The main question on the minds of investors is whether the US Federal Reserve will adopt the same dovish stance of the European Central Bank and the Bank of Japan. The consensus view is the Fed will begin to normalise its Funds Rate in coming months but Clime’s John Abernethy has a different view. The US$’s strong appreciation is dampening the earnings of US multinationals and will slow the economic recovery, so the Fed will not want to raise rates this June half and probably not before the end of the year either. If this happens, the US government debt term structure remains lower for longer and continues to anchor ultra-low bond yields globally. Click here to view Clime’s Outlook for 2015 written by John Abernethy.

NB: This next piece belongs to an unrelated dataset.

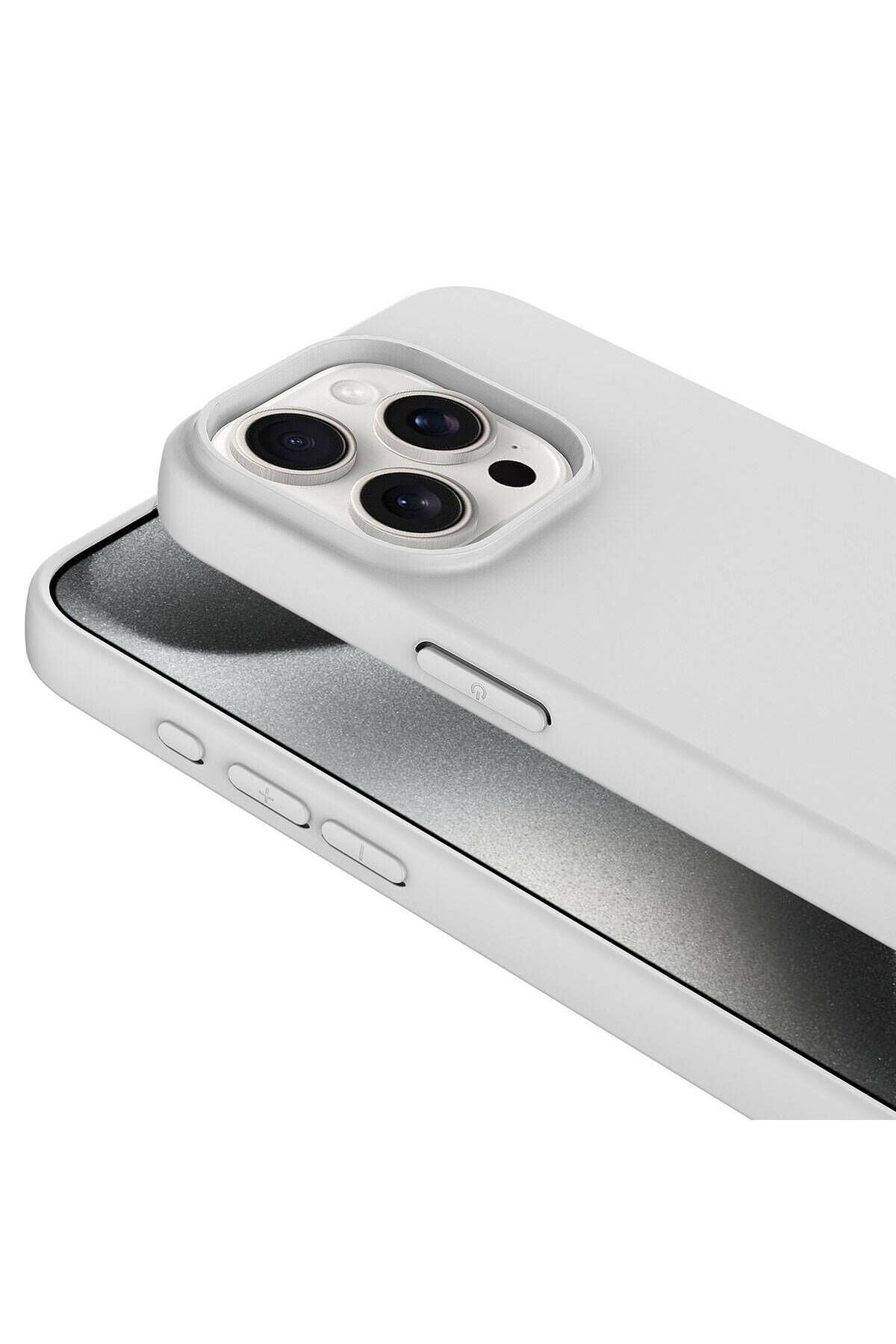 iPhone 15 Pro Uyumlu Zore LSR Lansman Kılıf-Koyu Gri iPhone 15 Pro Uyumlu Zore LSR Lansman Kılıf-Koyu Gri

Simultaneously, the European Central Bank has embarked on a major quantitative easing program which will go for longer than initially forecast. This should save the Eurozone from a recession and mean no further downgrades to world economic growth forecasts. The election of a new Greek government with a mandate to renegotiate Greece’s bailout will see posturing by the Greek government and its lenders but the solution is simple: the ECB needs to support the Greek bond market in the same way it supports Italy, Portugal and Spain: by buying government bonds.

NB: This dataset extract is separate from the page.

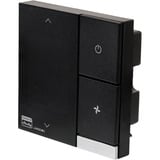 Shelly LinkedGo smartes HVAC-Thermostat, Heizungsthermostat schwarz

The ongoing depreciation of the A$ reduces the risk of a recession here and increases the appeal of economic cyclicals like banks, which income investors should consider. Australia’s historically low government bond yields raise the question of whether investors should adopt similarly low risk-free rates in the required returns in their equity valuations. This would inflate valuations across the board. We recommend a more sectoral approach of lower required returns for lower-risk stocks but not for stocks caught in downturns, like miners.